▶ [PROBLEM DESCRIPTION]
Using the listing that follows, report how many lines include the word "Clothes", and add no other words.

▶ [DATA TO EXAMINE]
#####
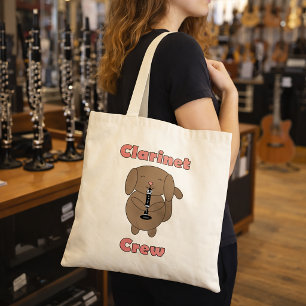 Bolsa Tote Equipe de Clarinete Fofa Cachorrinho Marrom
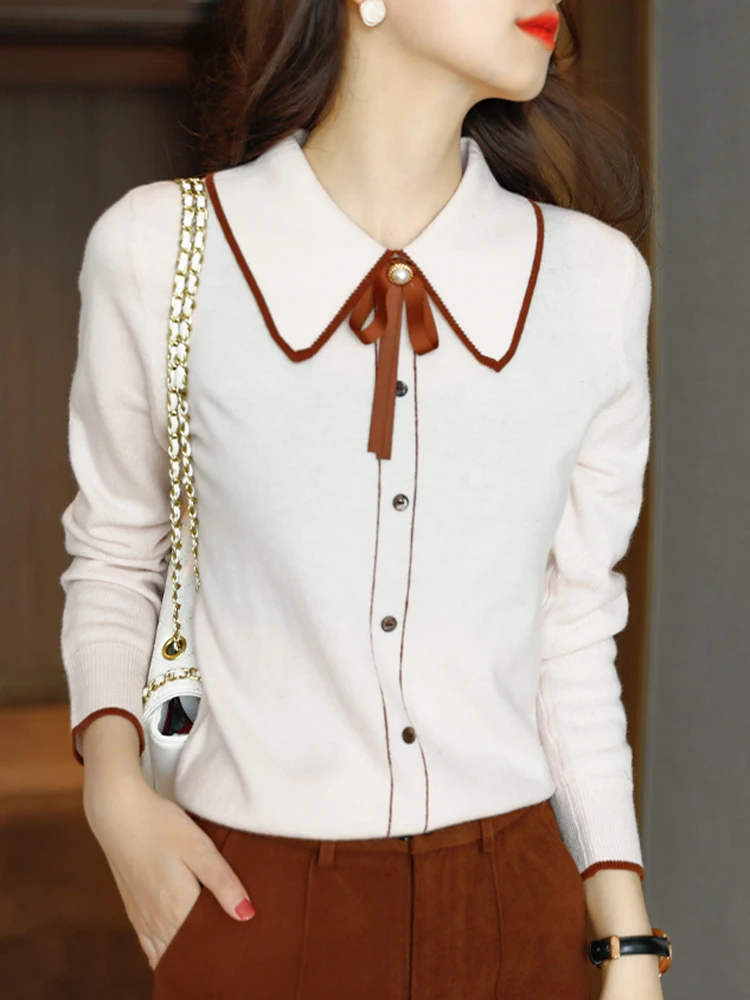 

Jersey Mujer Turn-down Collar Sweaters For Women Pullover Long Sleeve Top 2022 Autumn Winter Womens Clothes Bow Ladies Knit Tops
#####
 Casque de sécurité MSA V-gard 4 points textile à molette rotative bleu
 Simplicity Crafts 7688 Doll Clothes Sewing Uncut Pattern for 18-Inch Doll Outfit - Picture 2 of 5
#####
▶ [SOLUTION TO THIS TASK]
2